Standing by Our Principles

This past week a member of the National Basketball Association (NBA), Daryl Morey, tweeted out a graphic stating, “Fight For Freedom Stand with Hong Kong.”

This past week a member of the National Basketball Association (NBA), Daryl Morey, tweeted out a graphic stating, “Fight For Freedom Stand with Hong Kong.” A post of only seven words, the tweet received massive backlash and tore a chasm in the NBA’s relationship with China. After its posting, the Chinese Consulate expressed its “strong dissatisfaction” and multiple big-name Chinese companies severed ties with the Houston Rockets and the NBA as a whole which ended lucrative endorsements and financial deals. In the face of this backlash, some members of the NBA have attempted to salvage billions of dollars in potential revenue by criticizing Morey’s expression of opinion. The NBA Commissioner Adam Silver has stood by Morey and his principles; “the NBA will not put itself in a position of regulating what...employees … say on these issues … We will protect our employees’ freedom of speech.”

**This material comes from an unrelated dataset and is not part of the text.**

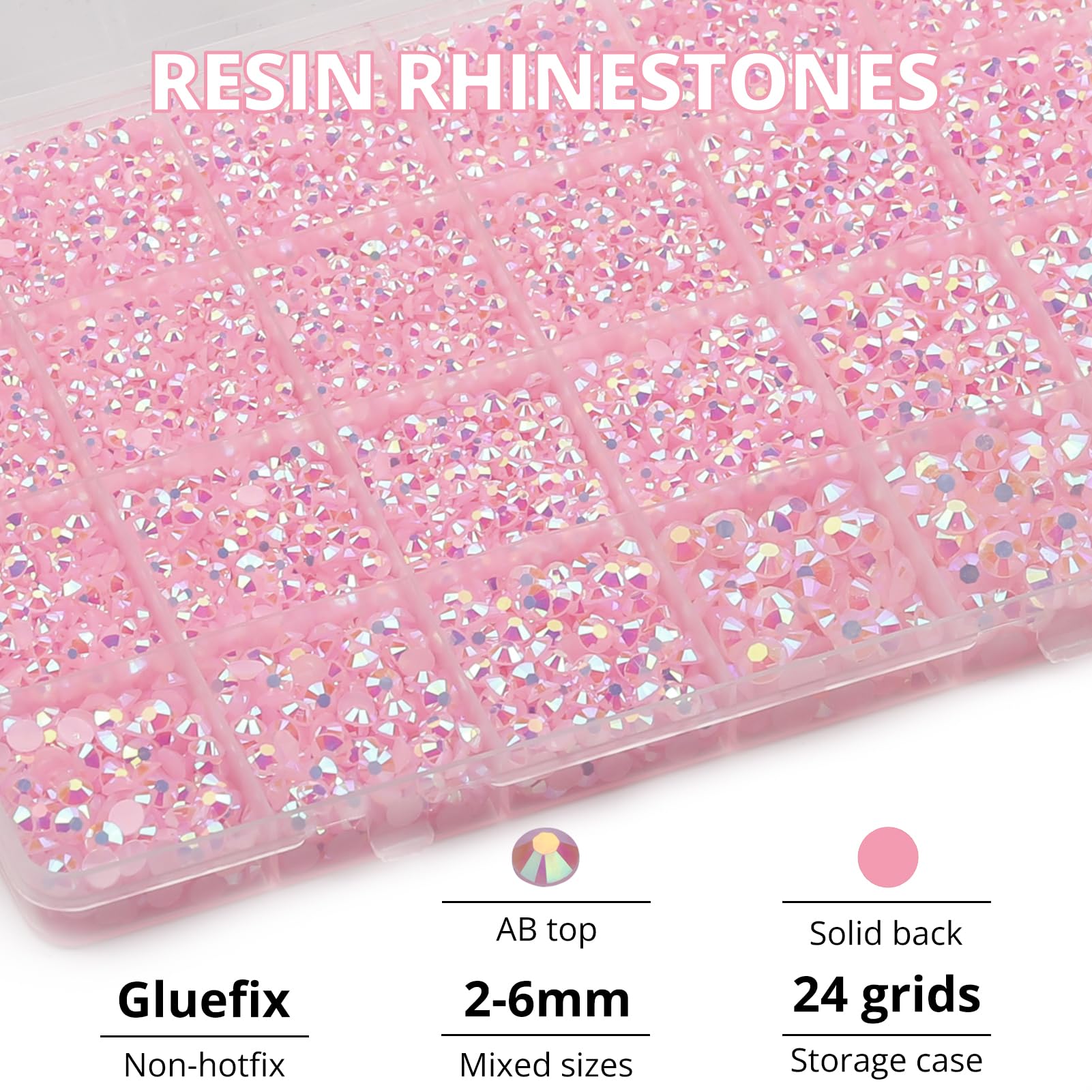 Worthofbest strass rose AB 14 facettes pour un éclat lumineux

The NBA’s controversy highlights an issue relevant to all of us in an age of information and hyper-partisanship: Maintain a controversial stance on principle or give in to the popular views of your peers. Here at Lawrenceville, while we may often envision a community of individuals in tacit agreement, it’s important that we maintain a willingness to stand by our views, however controversial, as a prerequisite for diverse discussion.

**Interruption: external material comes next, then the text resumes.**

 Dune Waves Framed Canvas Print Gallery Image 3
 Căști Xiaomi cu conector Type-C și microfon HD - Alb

A key downside of choosing the perspective of least resistance is the illusion of learning, hurting our understanding of our own assumptions. Arguing a point that you do not truly support (and only chose because of appealing factors such as ease of argument) may produce short-term benefits that draw students’ attention. But this creates an illusion of learning because in casting aside their honest thinking, students prevent their thought processes from undergoing rigorous questioning, a critical element of our personal development. While we may choose a more acceptable opinion at the Harkness table, in our essays, or simply in conversation, the value in arguing for a point that you do not stand for vanishes the moment the parameters of classroom assignments are removed.

Beyond the classroom, our opinions and arguments are not geared for the sake of earning acceptance but rather a judgement upon which we act. Thus, we should use essays and discussions as opportunities to develop independent thinking rather than favor short-term convenience.

In standing by our principles, whether inside or outside an academic environment, we place our assumptions through a necessary level of questioning. If many students stand up for their perspectives, the ensuing debates and conversations can prove to be incredibly valuable. By listening to different opinions, we are forced to re-evaluate aspects of our own argument, such as the validity of assumptions and evidence involved. Even if we do not ultimately change our perspective on the issue, we develop the habit of having a healthy level of skepticism while considering a counter-argument, both of which develop a deeper understanding of the topic itself. Failing to stand up for our beliefs, we are not fully able to re-assess our opinions while listening to other perspectives, ultimately leading to weaker comprehension.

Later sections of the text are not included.